We get a relief of a day, but then a prediction of even more of the wet. Saturday morning, before dawn, I wake with the sound of rain again in my ears. I hear various clinks and taps, but cannot determine in my dark grogginess whether they are inside or outside – or perhaps outside becoming inside. I lay there, moping, feeling dejected. There is evidence of a mistaken turn, somewhere on that north-facing highway. Where did I go wrong?
The roof is too wet to attempt to climb up there and fix anything. Thoughts of tarps fill my waking head, various configurations that would keep the water away from the supposed entry points. I rack my brain for ideas of a dry, covered place to park the truck. Finally, sick of pondering, I rise and go into the house, this elderly bungalow where at least there is a solid roof and coffee to brew and distractions to take my mind off my sad, wet rolling home.
The truck has not had a proper cleaning-up since before Spirit Pine, so I take the opportunity during the less rainy parts of the day to move house: to transport all the various boxes, bags, clothes, bedding, even my desk and chair. I sort through the boxes of gear, packed so carefully two months ago, extracting objects and finding new places for them in what I call my “fixed house.” I set up my bed in the warm room I call my “library,” surrounded by the books of my life.
Back in the now-empty housetruck, without the warmth of fabric and the little items of everyday living, the interior looks lonely and dirty. To me, the truck has developed a bit of a personality, and just as neither it nor I enjoyed visiting either the chaos of the cities or the depression of the RV parks, now I’m seeing the housetruck really disliking the dampness of the Oregon winter. After all, it was never really built for this: it was built for warmer, sunnier times.
Gradually, almost painfully, I realize this is all as it should be.
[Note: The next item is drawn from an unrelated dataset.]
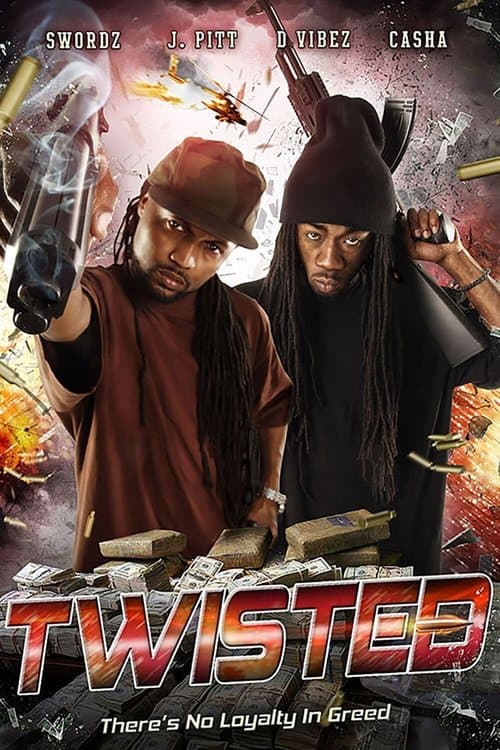 Twisted poster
There is a message here, a gift from the wandering bird that often graces my journeys, underlines my current bearings. Here I am, in the Cascadian winter, a place and time of dormancy, reflection, hibernation. And yet my own movement is towards a shift in my life, an active transition to new projects, new values. I realize that it is the housetruck who needs a rest, to lay low, to recuperate, to wait out the storm. Maybe finding it a quiet, dry parking place wouldn’t be so bad for the next few months of the wet & gray.
As if to taunt me, the next morning is warm and sunny, a temporary spring in mid-December.